Russia’s central bank said on Friday it would study the legality of plans by some banks to impose fees on foreign currency accounts, warning that lenders should not worsen conditions for existing clients.
Some major Russian banks plan to charge fees on retail accounts in dollars and euros after authorities floated the idea of negative interest rates for banks’ corporate clients’ foreign currency deposits, drawing the ire of customers.
The central bank said it understood banks’ concerns over risks in dealing in foreign currencies, but said it would take supervisory measures should lenders be found to have violated contracts with their actions.
Unilateral changes to the terms and conditions of a bank deposit agreement that shorten its term, reduce interest or introduce commissions are a violation of banking laws, the central bank said in a statement.
“Thus, banks may not impose commissions on already opened foreign currency accounts,” it said, adding that banks may refuse to offer foreign currency products to customers.
The central bank in late May said the share of foreign currency liabilities Russian banks had has declined recently as clients stepped up withdrawal of funds from their currency accounts, while the share of banks’ foreign currency assets has increased.

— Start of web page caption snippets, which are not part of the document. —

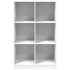Estantería de madera maciza de pino blanco 70x33x110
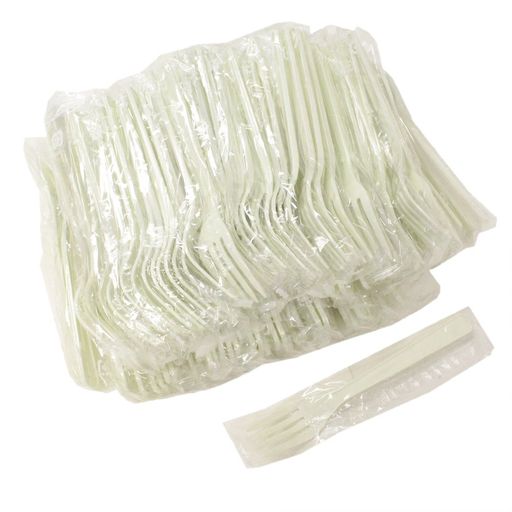 中村(Nakamura) 業務用 フォーク プラスチック 100本入 一個別袋入り 16cm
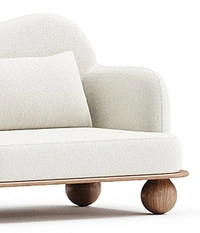 Ballegged Sofa - 2 Seater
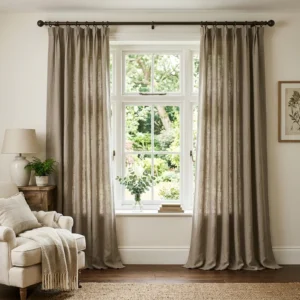 Taupe Linen Curtains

Banks Start Charging Fees on Forex Accounts
On Thursday Russian online bank Tinkoff announced a 1 percent monthly charge for some forex accounts after its peer, the Russian unit of Raifeissen Bank International’s, promised negative interest rates on some foreign currency holdings from June 30.Tinkoff, which has offered exchange rate incentives to encourage Russians to move FX holdings to roubles, said the 1 percent service fee would be deducted monthly on accounts in dollars, euros, pounds, and Swiss francs with a balance of over $1,000, starting from June 23.
Raiffeisen said on Thursday it would increase fees for foreign currency transfers, while Rosbank, which Societe Generale sold to a firm linked to Russian oligarch Vladimir Potanin in May, said it was considering commission on dollar and euro accounts by the end of June.
After the bank’s statement, customers of Tinkoff, owned by TCS Group Holding, complained of empty ATMs on a chat forum.
“Then let us take out money, what are you monsters up to!” one user wrote soon after the bank said it would be introducing the fee.
Tinkoff support responded to a Reuters reporter saying they top up their ATMs regularly but could not say definitively when cash would be added to those that had emptied.
‘Forced Measure’
With their already limited cash holdings of hard currency, Russian banks have few options for investing foreign currencies because of capital controls in Russia and the risk of funds abroad being frozen as a result of Western sanctions.State Duma representative Yevgeny Fedorov told a Moscow radio station that the General Prosecutor should look into Tinkoff’s move, saying the bank had no right to impose a fee on existing accounts without warning customers.
“According to Russian law ... If you have ownership of your funds, then no one has the right to take that ownership away from you,” he said. “When people made the deposit, they did not expect the bank would start taking funds away from them.”
Tinkoff said financial institutions were limited in being able to securely hold foreign currency “in the current geopolitical situation” and said an insignificant number of customers held amounts exceeding $1,000.
“This is a forced measure. It is due to the unreliability of foreign partners in terms of foreign currency operations for Russia and is aimed at reducing Tinkoff Bank’s foreign currency positions,” the bank said in a statement.
“In the near future, we will be offering accounts in alternative currencies.”
Tinkoff said it would only be possible to open savings accounts in roubles from June 23 but that it would waive the commission for transfers over the SWIFT global payments system until June 30.
A similar measure would soon be adopted for foreign currency held in brokerage accounts, Tinkoff said.